Denver Newsroom, Jun 12, 2020 / 12:02 am (CNA).- Peyton and Connor Plessala are brothers from Mobile, Alabama. They’re 18 months— one school grade— apart.
Despite the occasional competitiveness and squabbles that many brothers experience growing up, they’ve always been best buds.
“We’re closer than best friends,” Connor, 25, told CNA.

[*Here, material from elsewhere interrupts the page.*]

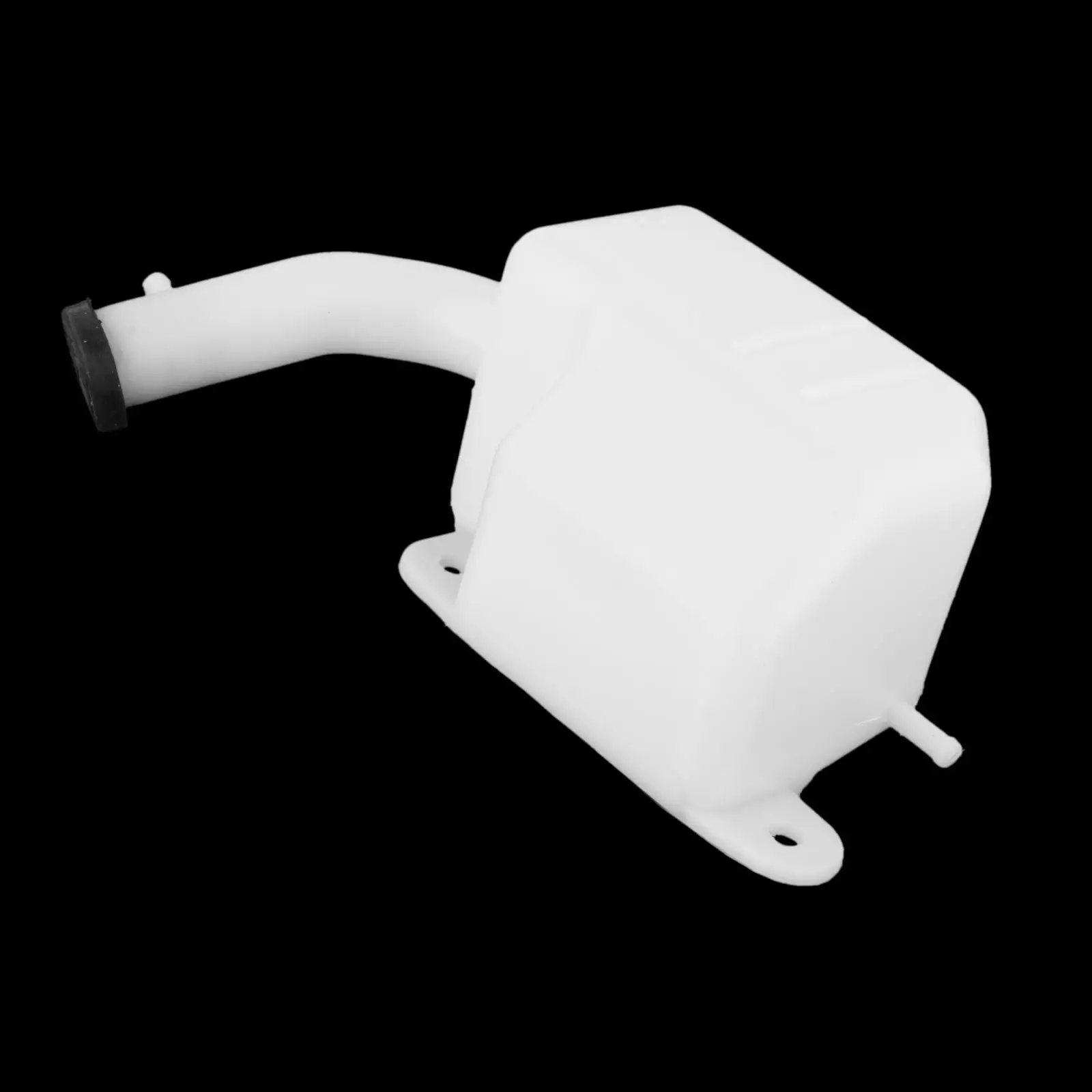 Бак охлаждающей жидкости мотоцикла расходные материалы для LTZ 400 LT-08 2003 2004 2005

As young men— in grade school, high school, college— much of their lives centered around the things you might expect: academics, excurriculars, friends, girlfriends, and sports.
There are many paths the two young men could have chosen for their lives, but ultimately, last month, they arrived at the same place— lying face down in front of the altar, giving their lives over in service to God and the Catholic Church.
The brothers were both ordained to the priesthood May 30 at Cathedral Basilica of the Immaculate Conception in Mobile— in a private Mass, because of the pandemic.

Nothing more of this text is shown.